Two comets collided at low speed in the early Solar System to give rise to the distinctive ‘rubber duck’ shape of Comet 67P/Churyumov–Gerasimenko, say Rosetta scientists. The origin of the comet’s double-lobed form has been a key question since Rosetta first revealed its surprising shape in July 2014. Two leading ideas emerged: did two comets merge or did localised erosion of a single object form the ‘neck’?
A low-speed collision
Now, ESA announces spectacular news form space. Its scientists have found an unambiguous answer to the conundrum. By using high-resolution images taken between 6 August 2014 and 17 March 2015 to study the layers of material seen all over the nucleus, they have shown that the shape arose from a low-speed collision between two fully fledged, separately formed comets.
“It is clear from the images that both lobes have an outer envelope of material organised in distinct layers, and we think these extend for several hundred metres below the surface,” says Matteo Massironi, lead author from the University of Padova, Italy, and an associate scientist of the OSIRIS team. “You can imagine the layering a bit like an onion, except in this case we are considering two separate onions of differing size that have grown independently before fusing together.”
A depth of 650 meter
The results of the study are reported in the journal Nature and were presented today at the European Planetary Science Congress in Nantes, France.
To reach their conclusion, Matteo and his colleagues first used images to identify over 100 terraces seen on the surface of the comet, and parallel layers of material clearly seen in exposed cliff walls and pits. A 3D shape model was then used to determine the directions in which they were sloping and to visualise how they extend into the subsurface.
It soon became clear that the features were coherently oriented all around the comet’s lobes and in some places extended to a depth of about 650 m. “This was the first clue that the two lobes are independent, reinforced by the observation that the layers are inclined in opposite directions close to the comet’s neck,” says Matteo.
“To be sure, we also looked at the relationship between the local gravity and the orientations of the individual features all around the reconstructed comet surface.” Broadly speaking, layers of material should form at right angles to the gravity of an object.
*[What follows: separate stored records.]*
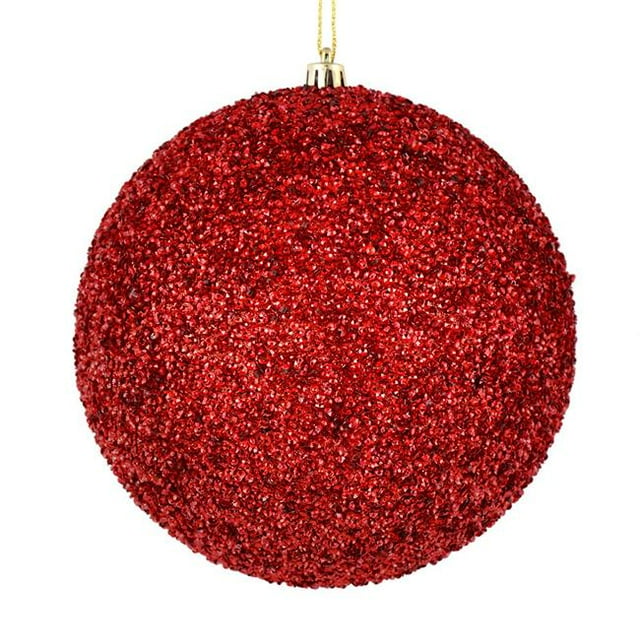 Vickerman N185703D Boule Perlée Rouge de 4,75 Pouces avec Perçage 6 par Sac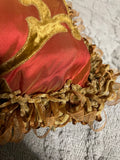 +* Square 17” Raised Velour Floral on Satiny Pillow Gold & Pinkish Red Zipper Closure Looped Fringe
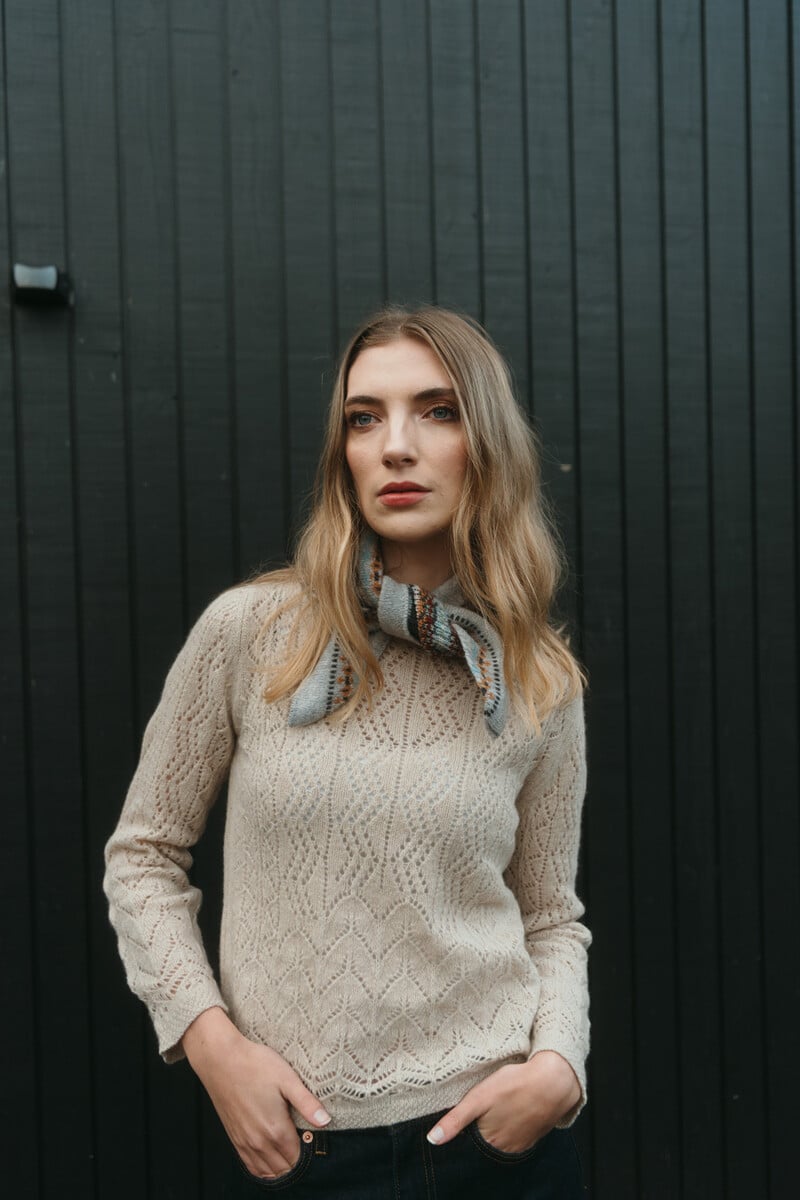 Eribé - Fairisle Neckerchief Hazel-Grace | Écharpe Fair Isle en 100 % Laine d'Agneau Mérinos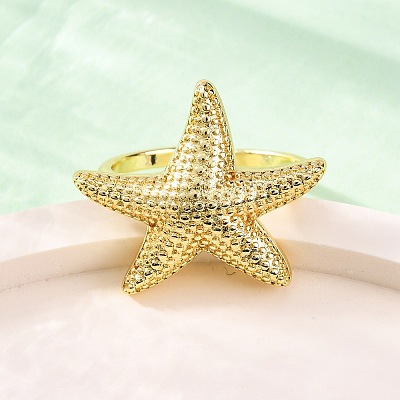 Brass Cuff Rings for Women RJEW-U047-01G-1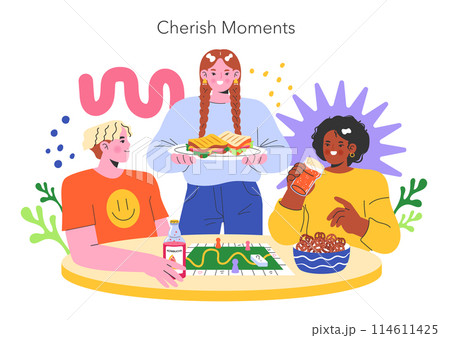YOLO concept. Three friends enjoying snacks and playing a board game, celebrating the joy of living. Friendship, leisure, and fun. Vector illustration. 114611425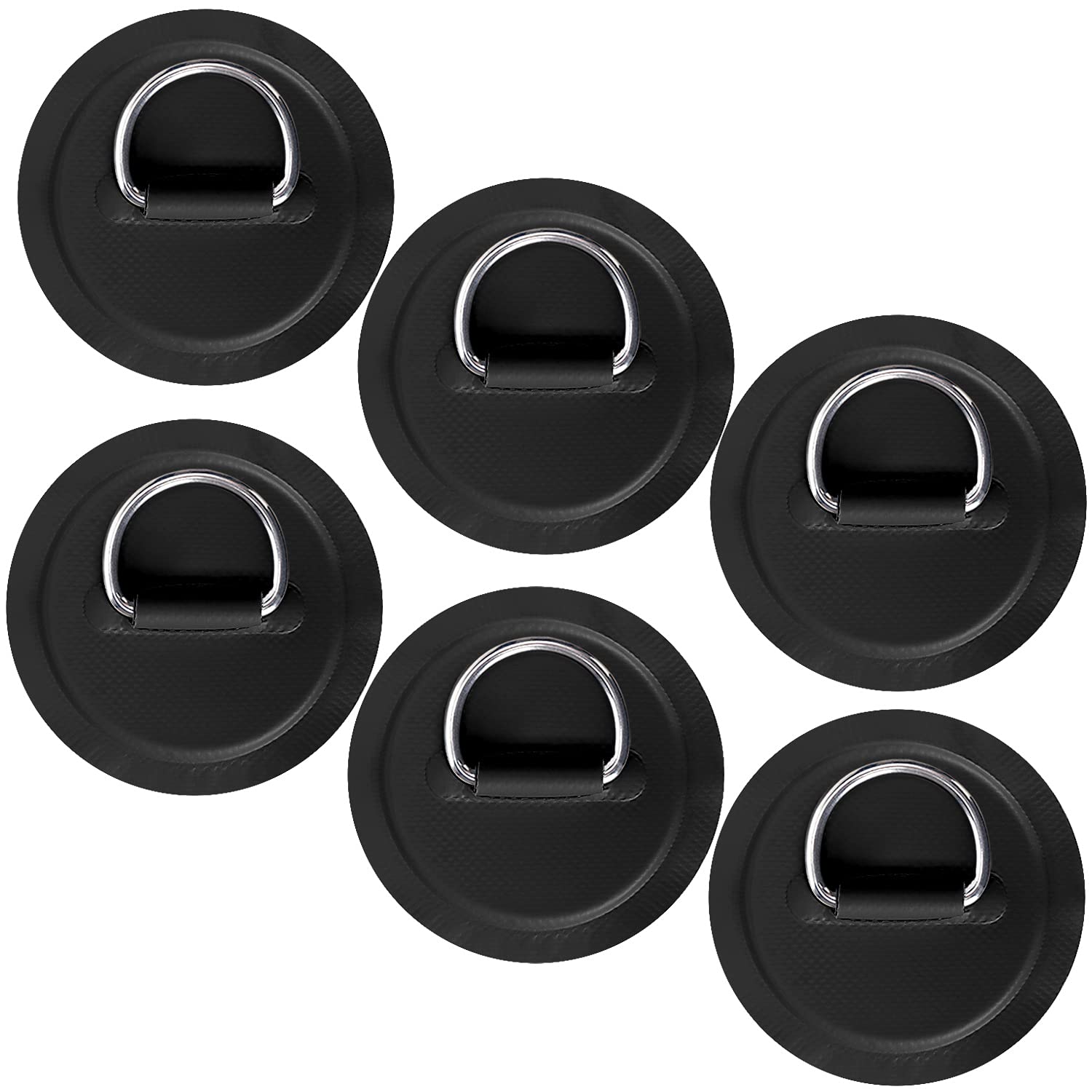 TOBWOLF 6 Pack Stainless Steel D-Ring Patch for Inflatable Boat Kayak Dinghy SUP, D-Ring PVC Patch Stand-Up Paddleboard Canoe Rafting Accessories, NO Glue Included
The team used models to compute the strength and direction of the gravity at the location of each layer.
In one case, they modelled the comet as a single body with a centre of mass close to the neck. In the other, they worked with two separate comets, each with its own centre of mass. The team found that orientation of a given layer and the direction of the local gravity are closer to perpendicular in the model with two separate objects, rather than in the one with a single combined nucleus.